Hélas, le titre d’ouverture n’est qu’un trompe-l’œil. La triplette "Hiroshima" - "Insult to Injury" - "Dementia Thirteen" révèle les limites de cette nouvelle formule heavy-thrash, magnifiée sur Blessing in Disguise, le troisième album de Metal Church paru quelques mois auparavant. Certes les interventions à la six-cordes sont plus soignées que sur Ticket to Mayhem mais la fougue des débuts n’apparaît plus que par intermittence. Quant aux refrains, ils sont moches, voire hideux comme celui de la dernière piste nommée. Dans ces conditions, Hansen a bien du mal à tirer son épingle du jeu, et fait parfois n’importe quoi, démonétisant "Witness to the Terror" qui rappelait flatteusement Doomsday for The Deceiver de Flotsam & Jetsam.

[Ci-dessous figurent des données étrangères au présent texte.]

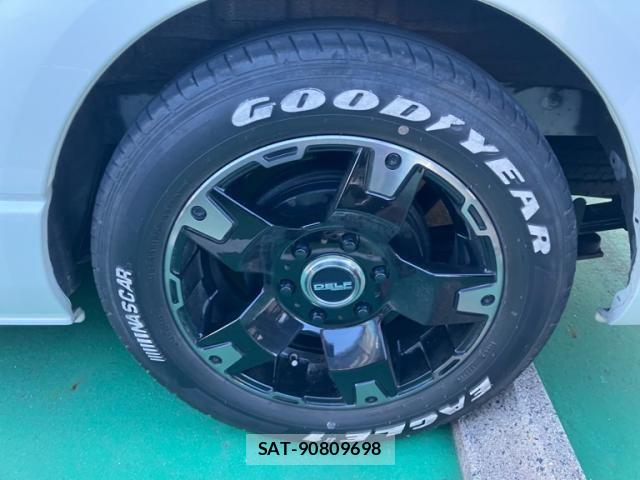 Toyota HIACE VAN 2023-01 8369451-5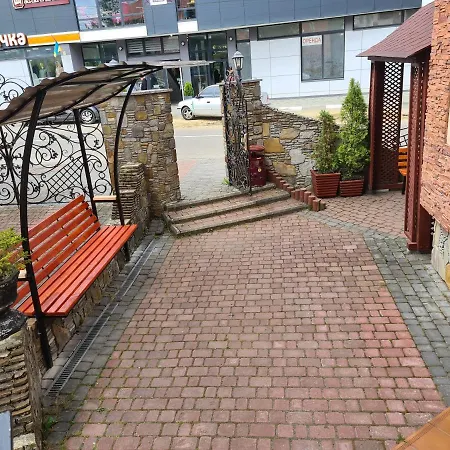 Hotel едем Skhidnytsia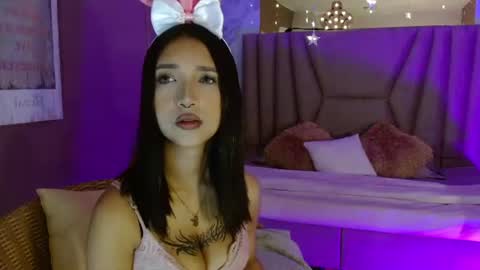 Snapshot of megan_saint chatting on 06.15.26 megan_saint online show from 06.15.26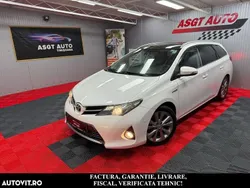 Culoarealb Utilizat 2014 Toyota Auris Hybrid Break | 7.999 EUR (Super Preț)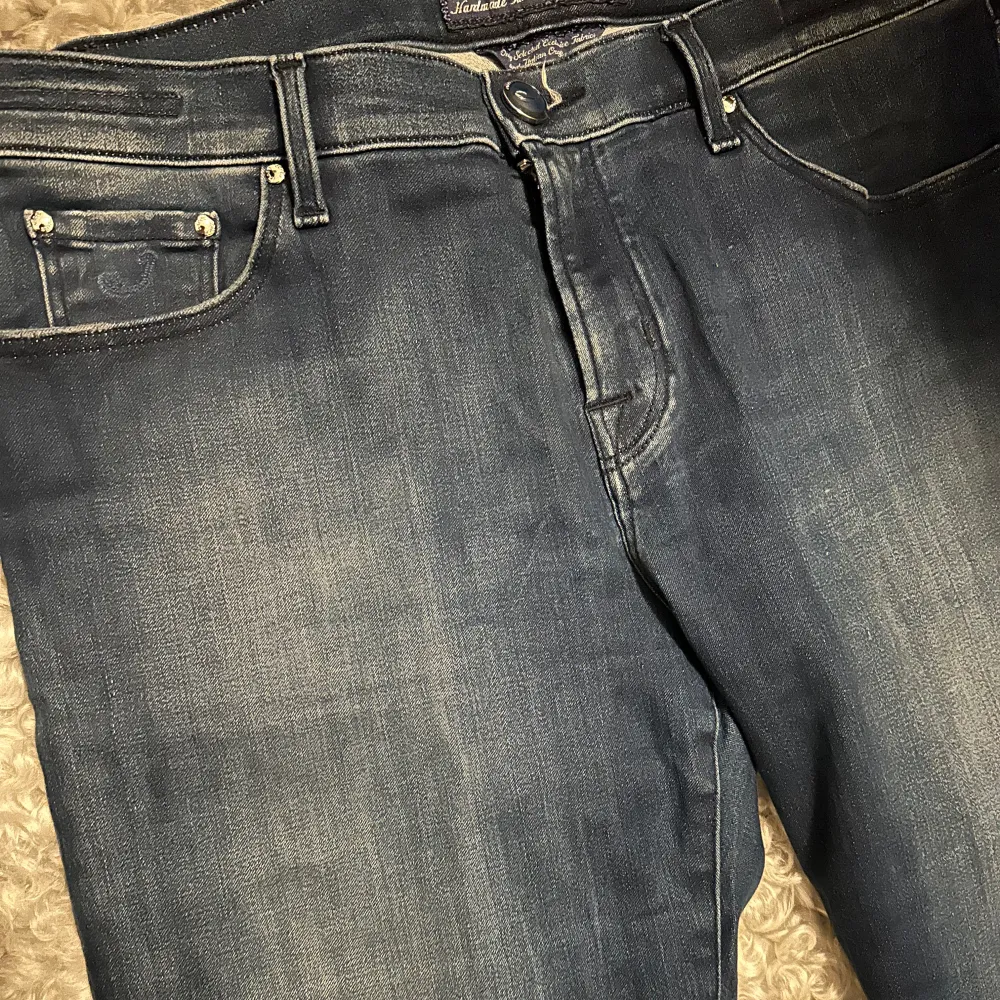 Säljer ett par snygga jeans från Jacob Cohen i storlek 32. I mycket bra skick! Pris - 999kr kan diskuteras vid snabb affär!. Jeans & Byxor.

Néanmoins cette occurrence participe à une tonalité thrash plus affirmée sur la deuxième partie, amorcée sur le speed "Essence of Evil" à la conclusion trop abrupte. Sécurisé sur "Battle Scars" – il suit note à note le thème de la guitare – le chant sobre ne parvient pas à animer un refrain sans relief, précédant le court "Rape of the Mind", plutôt hard rock dans l’esprit, qui évoque "The Immigrant Song" de Led Zeppelin en plus décontracté (et moins bien chanté). En fin de parcours, l’instrumental "Ticket to Mayhem / 4 E.S." s’apparente à une accumulation de plans décousus relayés par "Pistolwhipped" qui, sans être miraculeux, allie les velléités mélodieuses sur les couplets et une hargne retrouvée sur le refrain.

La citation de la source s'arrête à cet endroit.